稿 男性アレルギー令嬢とオネエ皇太子の偽装結婚 ~なぜか溺愛されています~

「ローレル様……私のために怒ってくださってありがとうございます。ですが、兄に悪気はないのです……本当に私には問題があって……」
 ローレル様が私の顔を見た。
「そう、思い込まされてしまったのではないの?不遇な扱いを受けているのなら」
 首を横に振る。

「ローレル様、私……」
 私のために怒ってくださるローレル様がこのことを知ったからって馬鹿にしたり言いふらしたりするはずはない。
「男性アレルギーなのです……」
「え?」
 ローレル様がきょとんとした顔で私を見る。
 お兄様の手を取り、私の手首にふれさせた。
「……男の人が苦手だと言っていましたが……本当はアレルギーがあるのです。
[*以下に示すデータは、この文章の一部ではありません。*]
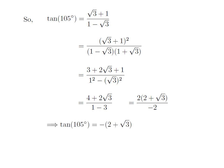Cancelling out the common factor 2 in the numerator and denominator and shifting the minus sign to the numerator from the denominator, we get tangent of 105 degrees is equal to minus of (2 plus square root of 3).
家族であるお父様やお兄様にすら……」
 お兄様の手をどかして手首を見せると、頬紅を乗せたようにうっすらと赤くなっている。
「アレルギーが強く出る人には、側にいるだけで呼吸が苦しくなります。もし触れられれば、赤くかぶれ、全身に発疹が出て熱が上がり倒れてしまうこともあります……」
 ローレル様が目を丸くして驚いている。
「会場で気分を悪くしていたのは……そのせいで……?」
 ローレル様が漏らした呟きに、頷く。
「はい。アレルギーが強く出る方に、腕をつかまれてしまって……体も寄せてこられ、その……あの時は助けていただいて」
 ありがとうございましたとお礼を言おうとすると、ぎゅっとローレル様に抱きしめられた。
「大変だったわね。今まで、とても色々と苦労したでしょう……!……ご家族にもアレルギーが出てしまうなんて……。こうして、誰がリリーシェンヌ様を抱きしめてあげたの?お母様が生きていらっしゃれば……」
 暖かい……。とても、暖かくて。
 ずっと、こうしていたいと思っていたら、すぐにローレル様は体を離した。